Considerando que o rio Sagui não é representado no levantamento 1:50.000, esta escala foi excluída da análise. Situação similar aos dados SRTM (Shuttle Radar Topography Mission, resolução espacial de 30m). Portanto, essas duas bases cartográficas não apresentam detalhamento suficiente para estudos de bacias de primeira ordem. Na escala 1:10.000 foi possível identificar o rio Sagui e delimitar a sua área de drenagem assim como no levantamento topográfico realizado. A Tabela 1 apresenta as variáveis morfométricas obtidas para as duas escalas consideradas na análise. De maneira geral, todos as variáveis analisadas apresentaram diferenças quando comparadas as duas escalas, sendo as maiores variações apresentadas nas variáveis relacionadas a declividade.
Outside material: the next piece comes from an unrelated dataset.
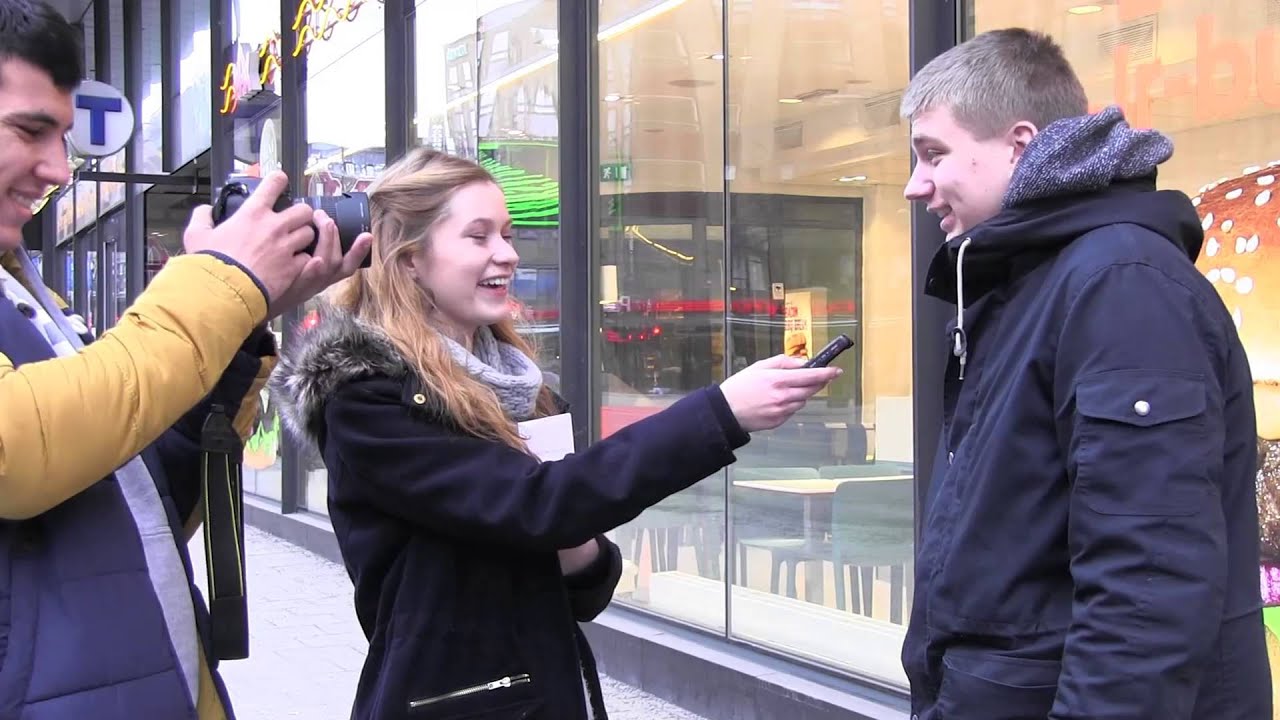 Foundation for Environmental Education (FEE)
Observou-se diminuição na área de drenagem da bacia ao considerar o maior detalhamento das encostas e divisores obtidos no MDE em escala 1:500, culminando numa diferença percentual de 5,91% entre as escalas analisadas. Apesar da diminuição da área de drenagem notou-se um incremento positivo no perímetro, devido a um maior detalhamento do contorno da bacia obtido com o levantamento dos divisores de forma mais fidedigna as características topográficas da bacia. Em relação a altimetria (i.e. cotas máximas, mínimas, médias da bacia e cota da nascente), não foram observadas alterações significativas entre as duas escalas. Entretanto, com relação a morfologia da bacia identificada no MDE, observou-se o detalhamento de um vale não identificado no levantamento 1:10.000 (Figura 1) Em relação a declividade, além da importante diferença entre os valores máximos e mínimos identificados nas duas escalas, observou-se variação entre a distribuição de frequência deste atributo (Figura 1). Na escala 1:10.000, a bacia é representada predominantemente com declividades inferiores a 10%, enquanto na escala 1:500 ocorre maior frequência de declividades entre 10 e 20 %. Desta forma, a escala de maior detalhe representa o relevo com maior variabilidade espacial. Além disso as observações de campo realizadas durante o levantamento topográfico indicam que as generalizações cartográficas intrínsecas a esta escala de 1:10.000 análise não são adequadas para estudos em bacias de 1ª ordem.

Tabela 1

Variáveis morfométricas e comparação entre as duas escalas

Figura 1

Modelos Digitais de Elevação da bacia hidrográfica do rio Sagui

Conclusões

Após a análise inicial das bases cartográficas disponíveis, constatou-se que as escalas 1:50.000 e o levantamento SRTM não apresentam detalhamento suficiente para estudos em bacias de 1ª ordem. Comparativamente ao levantamento topográfico de detalhe, a escala 1:10.000 também não apresentou-se adequada em virtude de uma generalização acentuada nas informações cartográficas, sobretudo nas variáveis relacionadas as declividades. Neste sentido, destaca-se que diferenças significativas podem afetar a obtenção de atributos secundários (p.ex.: índices morfométricos) que serão utilizados como dados de entrada de modelos matemáticos distribuídos e/ou utilizados para estimativa da variabilidade espacial de processos e atributos hidrogeomorfológicos em bacias. Assim, salienta-se que torna-se necessário a realização de um levantamento em escala de detalhe em estudos em pequenas bacias onde a topografia é o fator determinante da ocorrência de processos de origem hidrológica e geomorfológica.